The Taliban launched their annual spring offensive on Wednesday, in an apparent rejection of calls for the militants to take up the Afghan government's offer of peace talks.
Operation Al Khandaq -- named after a famous seventh century battle in Medina in which Muslim fighters defeated "infidel" invaders -- will target US forces and "their intelligence agents" as well as their "internal supporters", a Taliban statement said. The Taliban said the offensive was partly a response to US President Donald Trump's new strategy for Afghanistan announced last August, which gave US forces more leeway to go after insurgents.
The annual spring offensive traditionally marks the start of the so-called fighting season, though this winter the Taliban continued to battle Afghan and US forces.
The group also launched a series of devastating attacks in the Afghan capital Kabul, killing and wounding hundreds of civilians.
Al Khandaq will mainly focus on "crushing, killing and capturing American invaders and their supporters", the Taliban said.
It added the presence of American bases "sabotages all chances of peace" and were key to "prolonging the ongoing war", which began with the US-led intervention in 2001 that overthrew the Taliban regime.
Afghanistan's largest militant group has been under pressure to accept Afghan President Ashraf Ghani's February offer of peace talks, but the statement made no mention of the proposal.
Intense fighting
Western and Afghan experts said the Taliban announcement was an apparent rejection of the offer and heralded more intense fighting in the drawn-out war.
"We're in for a hot and busy summer," a foreign diplomat in Kabul told AFP.
Afghan political analyst Ahmad Saeedi said the Taliban appeared to consider America's rejection of the group's own request for direct peace talks with the US in February as leaving them with "no other choice but to fight".
"This year they will try to weaken the (Afghan) government even further. They will try to derail the election process," the Kabul University professor told AFP.

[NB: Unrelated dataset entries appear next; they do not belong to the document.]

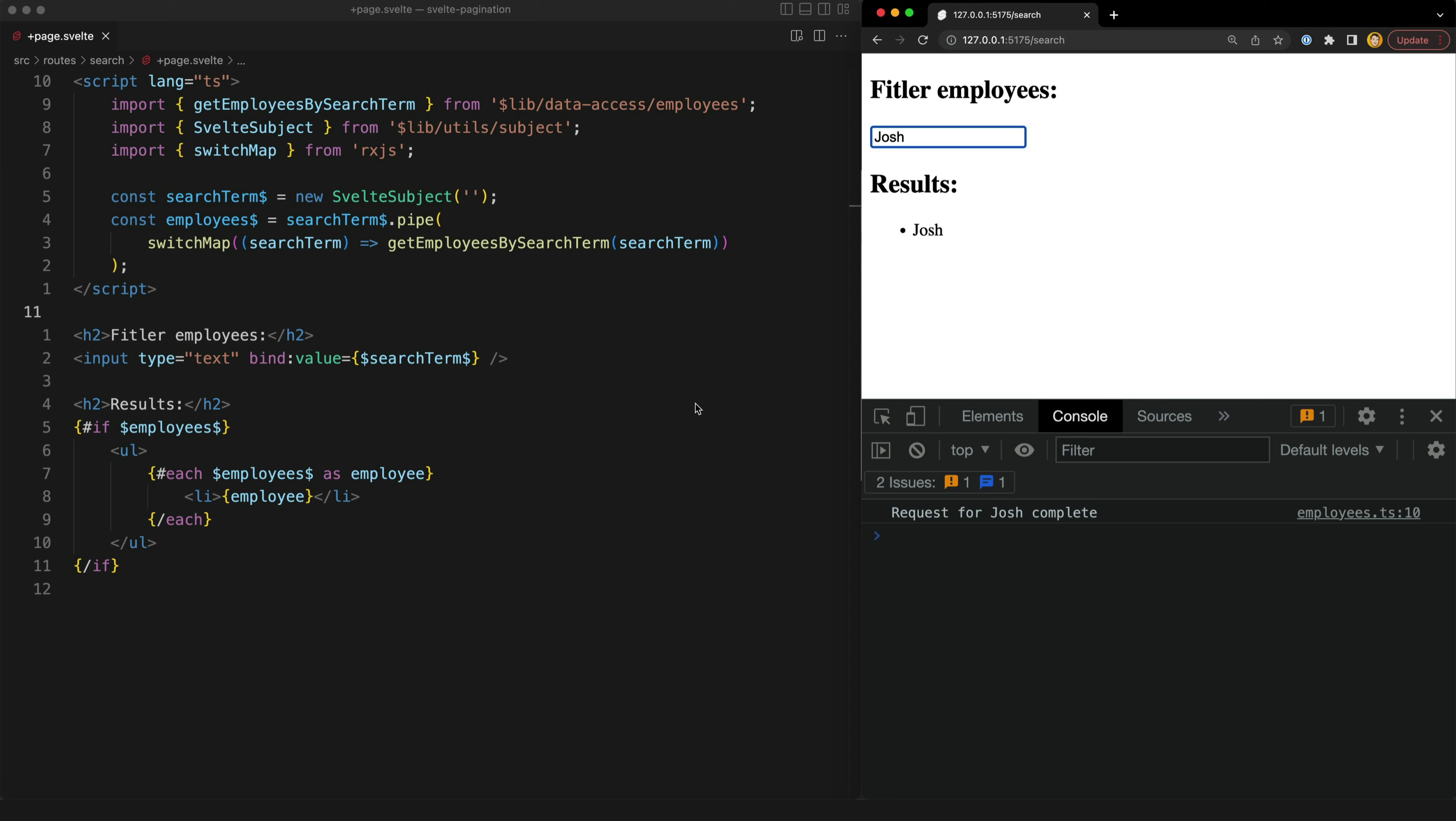If you want to code declaratively then you are going to need RxJS or you are going to need something else that does the same things that RxJS does.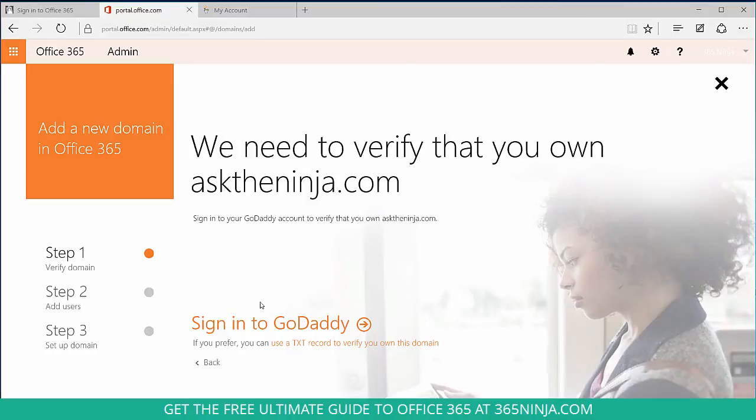Then you're given the option to sign in to GoDaddy, which in my case is the internet domain registrar. We also have the option to choose a TXT record to verify that I own this domain. I'm going to select that.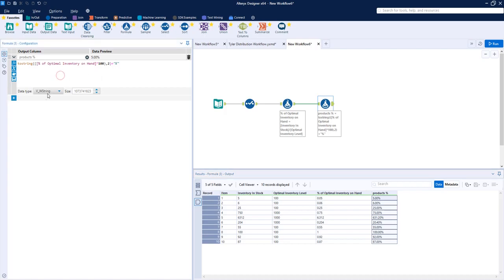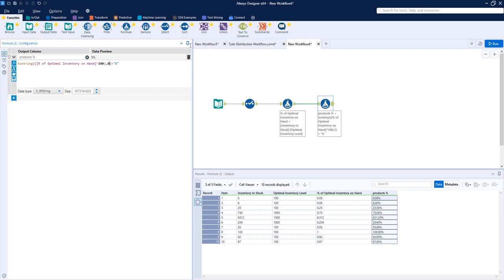And you have to output it as a string or else it will not output. So this is the output with it rounded to two decimal places. If we want to round it to, let's say, zero decimal places and just get a flat percent.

"A weak government would eventually mean forcing the US to talk to them."
Defence ministry spokesman Mohammad Radmanish dismissed the Taliban announcement as "propaganda".
The US-backed Afghan government is under pressure on multiple fronts this year as it prepares to hold long-delayed legislative elections even as its security forces struggle to get the upper hand on the battlefield and prevent civilian casualties.

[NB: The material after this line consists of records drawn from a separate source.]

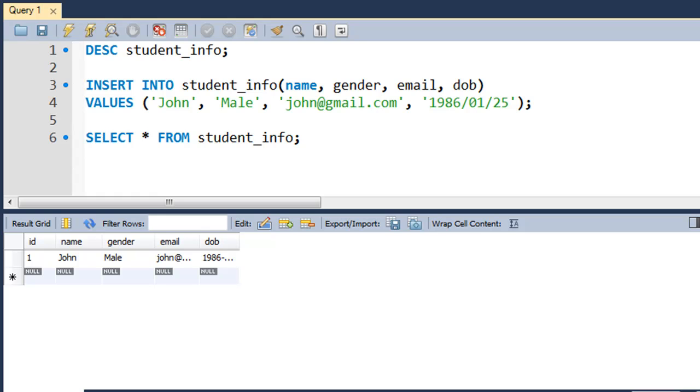Hello guys, welcome to my channel. This is the 55th tutorial in this course, and in this tutorial we're going to see how we can update data in a MySQL table.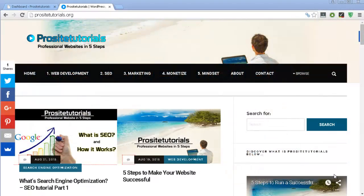Hi there, this is Jordan Lexo from ProSede Tutorials, where I talk about professional websites in 5 steps.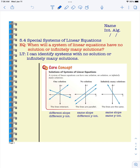Hello algebra students, today we are going to learn how to solve special systems of linear equations. In the past when we've solved special equations, it has been equations with either no solution or infinitely many solutions. The same is true today. So far we've solved systems of equations that had one solution.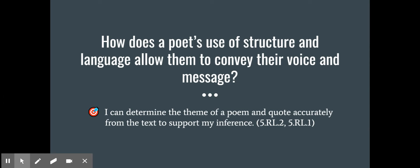Hey DPS fifth graders! We are here for lesson four, which is our final lesson regarding our essential question of how does a poet's use of structure and language allow them to convey their voice and message. Today we're going to be working to determine the theme of a poem and quoting accurately from that text to support our inference.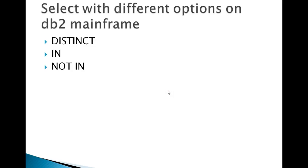Hello, good morning everyone. Today in this video on DB2, I'm going to show you how a SELECT command works with different options. I'm going to show you what is DISTINCT, what is IN, and what is NOT IN, and where and when we have to use it in a query.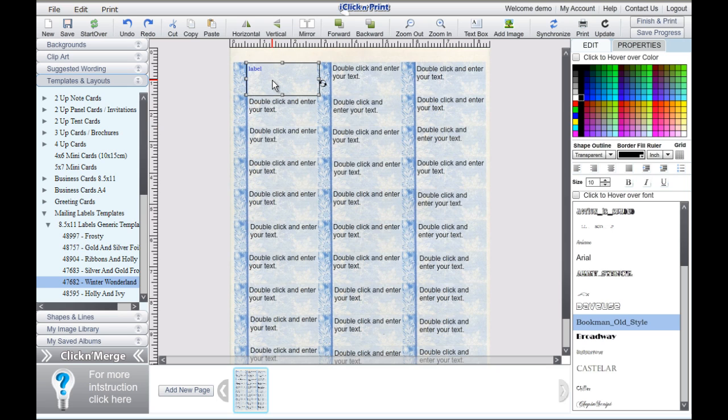To apply your font style to the rest of the mailing labels on your sheet, select the desired text box and then click Synchronize.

On Sunday, a suicide bomber blew himself up in a crowd outside a voter registration centre in Kabul, killing 60 people and wounding 129, according to the latest figures from the health ministry.
The Islamic State group claimed responsibility for the bomb, but Western and Afghan officials suspect IS receives assistance from other groups, including the Taliban's Haqqani Network, to carry out attacks.